Data section:
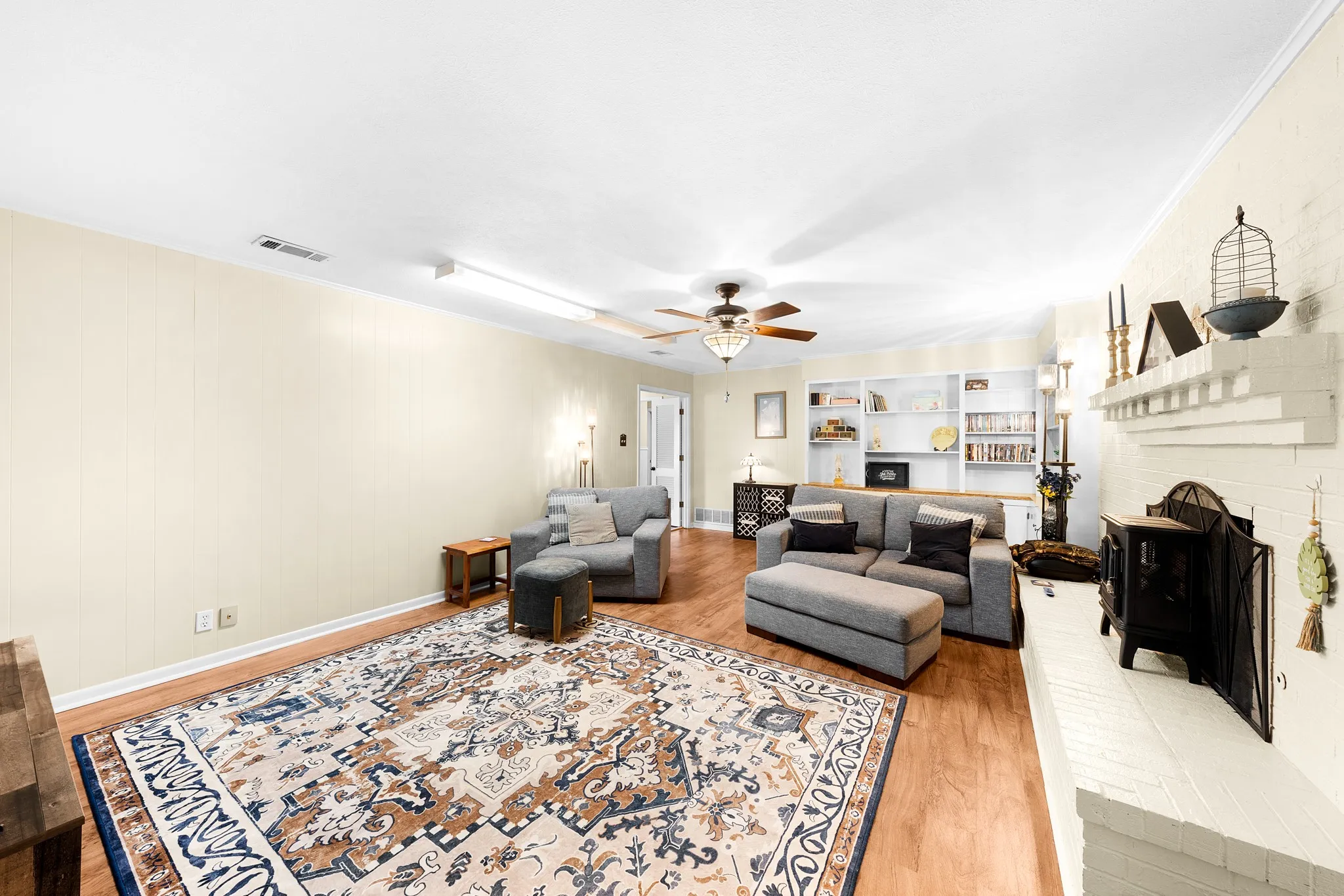 Single Family Residence For Sale in Hunt County , 2826 Birchwood Lane, Commerce, Texas 75428, 3 Bedroom, 3 Bathroom, 3 Garage spaces, 2,806 Sqft, built in 1967, mls#21300272, Real Estate Agent in Commerce, Homes For Sale in Hunt county, Homes For Sale in Commerce, Realtor in Commerce Texas, Real Estate Brokerage Independent Realty Texas, Luminita Cordes Realtor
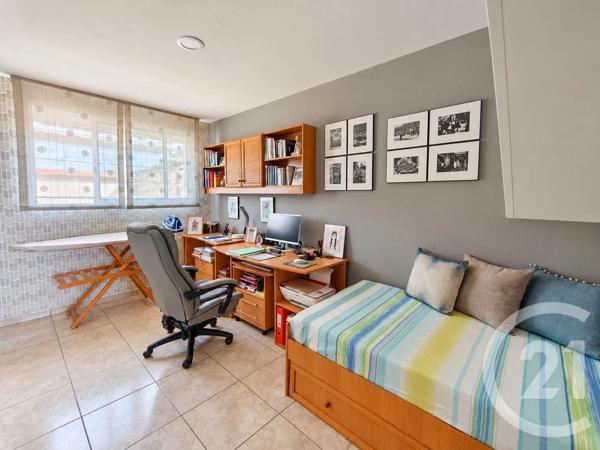 Maison à vendre  6 pièces - 180 m 2   SALEILLES  - 66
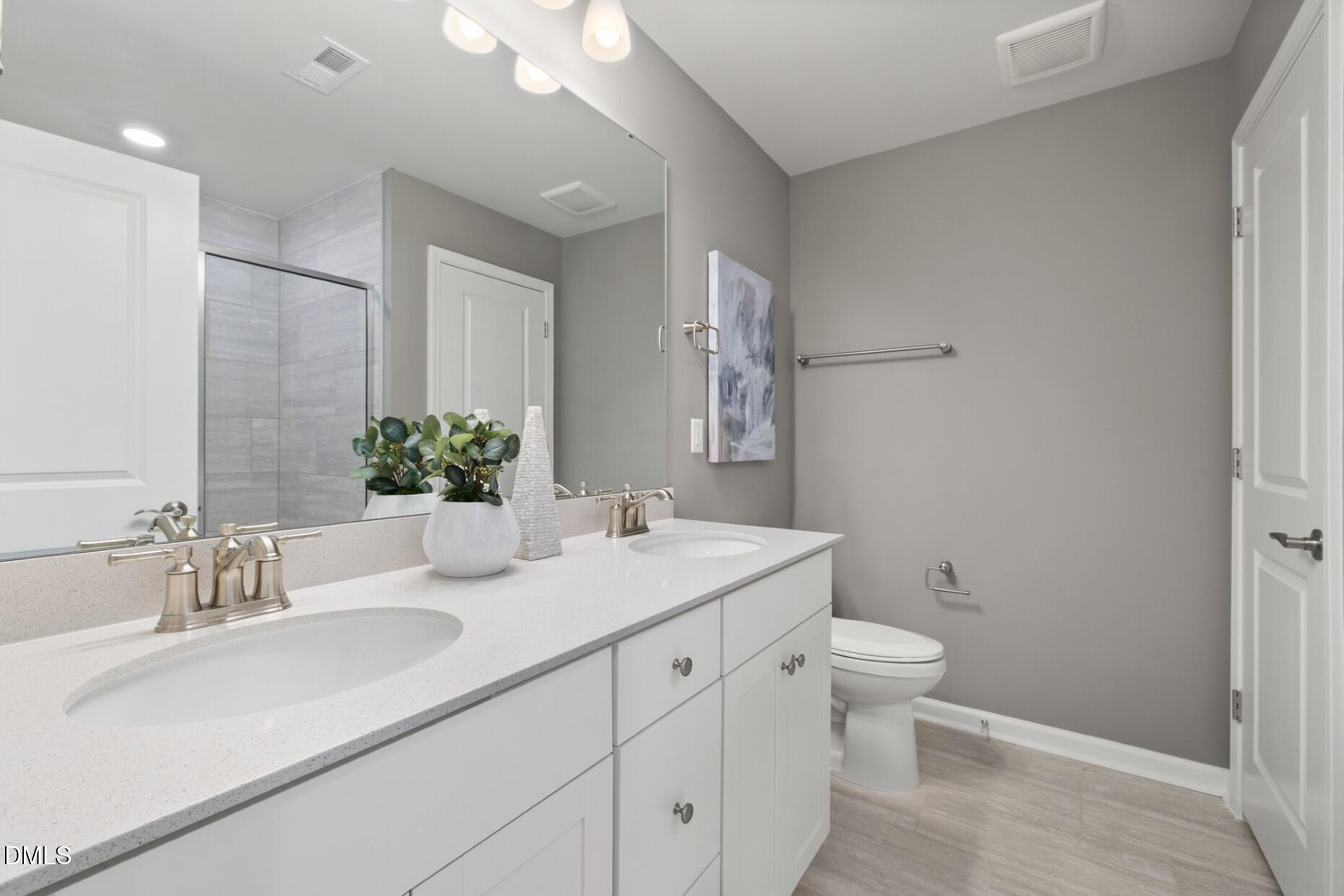 849 Weavers Abbey Place Property Photo 10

Prompt:
Output the listing exactly, pictures excluded.

Output for this task:
 Single Family Residence For Sale in Hunt County , 2826 Birchwood Lane, Commerce, Texas 75428, 3 Bedroom, 3 Bathroom, 3 Garage spaces, 2,806 Sqft, built in 1967, mls#21300272, Real Estate Agent in Commerce, Homes For Sale in Hunt county, Homes For Sale in Commerce, Realtor in Commerce Texas, Real Estate Brokerage Independent Realty Texas, Luminita Cordes Realtor
 Maison à vendre  6 pièces - 180 m 2   SALEILLES  - 66
 849 Weavers Abbey Place Property Photo 10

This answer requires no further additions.